I think why many UFC type fights end up on the ground is because there are so many grapplers. A normal person on the street might think it's necessary to grapple you and want to kock you out quickly. If you are a better stand up fighter you would hopefully knock him out before he decides that grappling wouldn't be so bad.



I'm wonderin if you have ever tried that in a real street fight, and if so, was survival REALLY that trivially simple.

I'll feel realy silly if I wasted all these years training :)

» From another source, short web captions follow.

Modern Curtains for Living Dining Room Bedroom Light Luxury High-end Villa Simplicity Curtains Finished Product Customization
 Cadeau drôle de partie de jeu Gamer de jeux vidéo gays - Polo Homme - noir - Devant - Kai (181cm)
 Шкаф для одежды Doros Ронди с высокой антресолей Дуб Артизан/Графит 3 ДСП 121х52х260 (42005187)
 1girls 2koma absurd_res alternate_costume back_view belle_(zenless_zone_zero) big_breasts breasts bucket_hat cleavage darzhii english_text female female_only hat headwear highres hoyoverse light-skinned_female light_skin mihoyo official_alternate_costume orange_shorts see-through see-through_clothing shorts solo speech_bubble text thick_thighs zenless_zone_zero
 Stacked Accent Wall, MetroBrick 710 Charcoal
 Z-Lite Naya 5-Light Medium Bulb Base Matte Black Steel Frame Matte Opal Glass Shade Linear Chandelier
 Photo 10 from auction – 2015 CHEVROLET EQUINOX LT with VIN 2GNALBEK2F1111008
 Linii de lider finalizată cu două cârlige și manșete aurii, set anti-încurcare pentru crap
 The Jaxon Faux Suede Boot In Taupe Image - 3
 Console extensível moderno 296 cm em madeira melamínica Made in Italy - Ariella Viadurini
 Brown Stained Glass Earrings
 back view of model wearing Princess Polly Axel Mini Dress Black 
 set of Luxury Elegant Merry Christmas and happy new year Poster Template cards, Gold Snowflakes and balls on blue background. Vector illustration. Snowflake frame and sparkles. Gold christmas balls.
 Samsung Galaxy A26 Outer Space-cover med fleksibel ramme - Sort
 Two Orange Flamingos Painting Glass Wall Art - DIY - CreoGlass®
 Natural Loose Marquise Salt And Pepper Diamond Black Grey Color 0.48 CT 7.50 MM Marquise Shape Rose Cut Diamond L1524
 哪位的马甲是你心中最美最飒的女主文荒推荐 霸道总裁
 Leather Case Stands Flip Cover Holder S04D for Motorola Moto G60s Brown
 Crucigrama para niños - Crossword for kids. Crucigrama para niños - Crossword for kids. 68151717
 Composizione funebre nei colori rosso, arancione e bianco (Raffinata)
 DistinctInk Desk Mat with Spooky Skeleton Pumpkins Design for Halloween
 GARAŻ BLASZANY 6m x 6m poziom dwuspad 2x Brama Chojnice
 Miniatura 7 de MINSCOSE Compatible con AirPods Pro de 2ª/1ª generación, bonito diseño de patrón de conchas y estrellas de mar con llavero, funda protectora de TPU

I'm not sure what I said led you to think so, but I in no way am implying that it would be easy. You say simple, and simple it might be. I mean fighting is generally pretty simple, it's just also very difficult. I mean you could look at as complicated when you factor in timing and postioning, but when you break it down into "you don't hit me I hit you", it's really simple, just not easy. Almost like lifting 600lbs, relatively simple thing to do - just pick it up, but it does require a lot of training and even technique. Years spent training are years well spent. Without working out the detail of technique through those years, you'll never have a consistently effective attack because you would have no technique.

Sprawl or move away to create distance and then strike. I figure with a tackle they'll probably lunge at you, and once you get just out of their range, they should be off balance enough for you to put something in there, perhaps like what beev did, I'm not sure if he tried to move out of the tackle.

Beev is right, of course.

But my $.02 is that you have to look very carefully at what parts of Muay Thai are the most applicable for self defense, and in what situations.

Elbows and Knees are arguably the most effective self defense tools in Muay Thai. They can even be applied (with limitations, of course) while on the ground.

If you have someone who is willing to stand and fight you, then its pretty easy to figure out what to do. I know of many a fight that ended before it really got started when a Muay Thai practitioner kicked his opponent once in the leg. Nothing will take the fight out of someone faster. The problem is getting that first shot in.

If you're worried about being tackled, then you need to start REALISTICALLY training against someone who tries to tackle you.

I used to teach some defense against the shoot as I had some MMA guys taking my class. I would have them defend the shoot by stepping back with straight punches then circling out with a hook. We would also practice sprawling.

Bottom line though. If you want to learn street defense using Muay Thai, you have to train realistically for it. Have a training partner do realistic defense drills with you. Make sure to include weapons.

But remember, too. A lot of fights start with a sucker punch. Your best bet is simply to avoid getting in altercations. If shit starts to go down, then find somewhere else to be before it escalates.

Khun Kao

MT is one of the most applicable styles of fighting when it comes to street situations.

Dont worry about a larger opponent trying to tackle you. If you become even half decent at long and curve knees, then some heavy guy will have a hard time tackling you. And even if he does, hes going to regret it.

I actually knocked out a rugby player in an altercation once. I was about 17 and fancied myself as a bit of a ladies man. I didnt realise that I chatting up his sister!

Anyway, to start things off, he comes across grunting and you could smell the sweat a mile off. He grabs me by the shirt collar and starts yelling obscenties.

So, the first thing I did was take hold of his arm and posted off it and long kneed him straight in the "genitalia". So he bent over but tried to rugby tackle me, so I threw a few knees at his face but he ended up falling on top me in a heap. All I remember was pulling his head back and just elbowing him in the head and face. I elbowed him about 4 times.

So he was out and on top of me. I had to wait for the bouncers to come and lift him off me:) Funny thing is, his other freinds, who were just as big and sweaty, were ROTFL at the fact that I KO'd him and he was at least 60lbs heavier than me. I was a wopping 130lbs at the time.


I'm learning MT and I was simply wondering how pratical it would be in a real fight. Particularly, I was wondering this in the light of the fact that I don't know any grapling. I was envisioning a fight between myself, a decent practioner of MT, and a larger but untrained person. It occured to me that despite my MT background they could simply tackle me from the onset and beat me with their supperior weight that way. Any ideas on the reality of this or ways to keep on ones feet during a fight? I realize one natural solution to this would be to learn something like Judo or BJJ but I lack the time.